Als
Wiebke nach
langem Warten die Chance bekommt, ein weiteres Mädchen, Raya,
aus Bulgarien, zu adoptieren, geht für sie und ihre Tochter Nikolina
ein langersehnter Wunsch in Erfüllung. Nach der anfänglichen
Freude über die neue Schwester, merken Wiebke und Nikolina bald,
dass die kleine Raya etwas verbirgt.
Wiebke
(Nina Hoss) betreibt nicht nur einen eigenen Reiterhof, auf dem unter
anderem Polizeipferde trainiert werden, sondern adoptierte mit Nicolina
(Adelia-Constance Ocleppo) auch schon einmal ein osteuropäisches
Mädchen – mit Erfolg. Ihr neuer Schützling, die fünfjährige
Raya (Katerina Lipovska), macht es ihr da nicht ganz so einfach. Sie
beschmiert das Bad mit Fäkalien, spießt tote Tiere auf
und zwingt schwächere Kinder zu „Doktorspielen“.
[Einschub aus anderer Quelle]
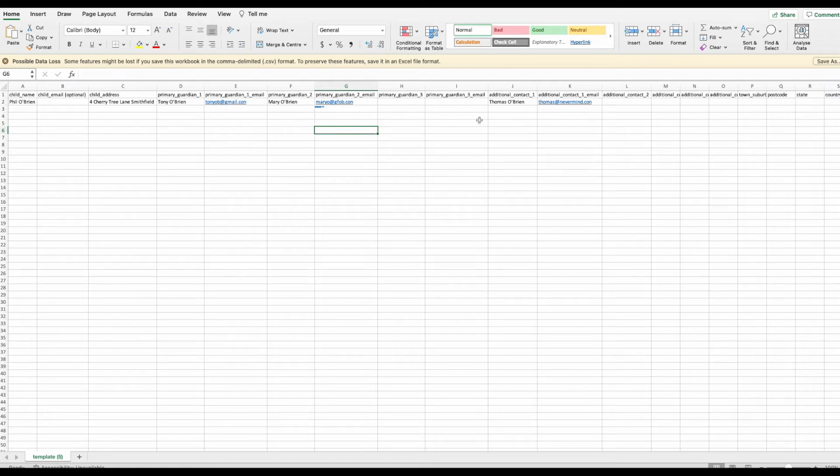Additional contacts are called non-primary guardians. These might be other family members such as grandparents, and they'll only have view-only rights.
Und während selbst die Neurologen glauben, dass eine Besserung
nur noch in einer spezialisierten Einrichtung erfolgen kann, will
Wiebke nicht aufgeben – und greift zu immer extremeren Methoden...
„Pelikanblut“
von Regisseurin Katrin Gebbe („Tore tanzt“) ist ein spannendes
Drama, dass verstört und zu kontroversen Diskussionen führen
wird. Der Film ist provokant, glänzend inszeniert und brilliert
mit einer Nina Hoss („Yella“), die eine unglaubliche schauspielerische
Leistung abliefert. Inhaltlich erinnert der Film an einen anderen
deutschen Film, der für großes Aufsehen sorgte. Die Rede
ist von „Systemsprenger“, der auf der Berlinale mit einem
Silbernen Bären ausgezeichnet wurde und zudem als deutscher Vertreter
ins anstehende Oscar-Rennen ging. Katrin Gebbe geht allerdings in
„Pelikanblut“ einen anderen, einen extremeren Weg. Der
Film, der im Programm der Filmfestspiele in Venedig lief, steigert
das Thema und lotet dabei die Abgründe der menschlichen Seele
aus.
Das
traumatisierte Kind in „Pelikanblut“ ist erst fünf
Jahre alt und wahrlich kein Sympathieträger. Raya kann keinerlei
Empathie oder Liebe empfinden, nachdem das Kind in jungen Jahren schwerwiegende
Traumata erlitten hat. Katrin Gebbe setzt als Regisseurin bewusst
Stilmittel des Horrorkinos an, um ihre Handlung zu beschleunigen.
Die häufig auftretenden Nebelschwaden und die Anfälle von
Raya erinnern positiv an bekannte Genrevertreter und erzeugen eine
mysteriöse und unheilvolle Stimmung. Das fünfjährige
Kind entfernt sich immer mehr aus dem realitätsbezogenen Kontext
und wirkt im Verlauf des Films mehr und mehr wie ein von einem Dämon
besessenes Wesen. Der film spielt dabei gekonnt mit den Erwartungen
der Zuschauerinnen und Zuschauer. Das Ende schließlich hat es
in sich und wird für viel Gesprächsstoff und Kontroversen
sorgen. Es ist konsequent und absolut passend für das vorherige
Geschehen.
Katrin
Gebbe erweist sich als konsequente Regisseurin, die keinen Zoll breit
von ihrer Vision abzugehen bereit ist. Das ist so erfrischend wie
erfreulich. Man muss diesen Film nicht mögen, aber an ihm vorbei
kommt man nicht. Nina Hoss in der Hauptrolle liefert eine furiose
schauspielerischer Leistung ab. Sie wirkt zu jedem Zeitpunkt glaubwürdig,
ihre Handlungen sind konsequent motiviert. Ihre Darstellung als aufopferungsvolle
Mutter, die an ihre Grenzen und weit darüber hinaus geht, reißt
mit und fesselt auf eine tiefe emotionale Art und Weise. Ihr absolut
fester Glauben an die Kraft der Liebe, der bedingungslos ist, erinnert
an die Hauptfigur in „Tore tanzt“, einem weiteren Film
von Regisseurin Katrin Gebbe. „Pelikanblut“ ist großes
Kino, dass nun auf DVD, Blu-ray und online zu bewundern ist.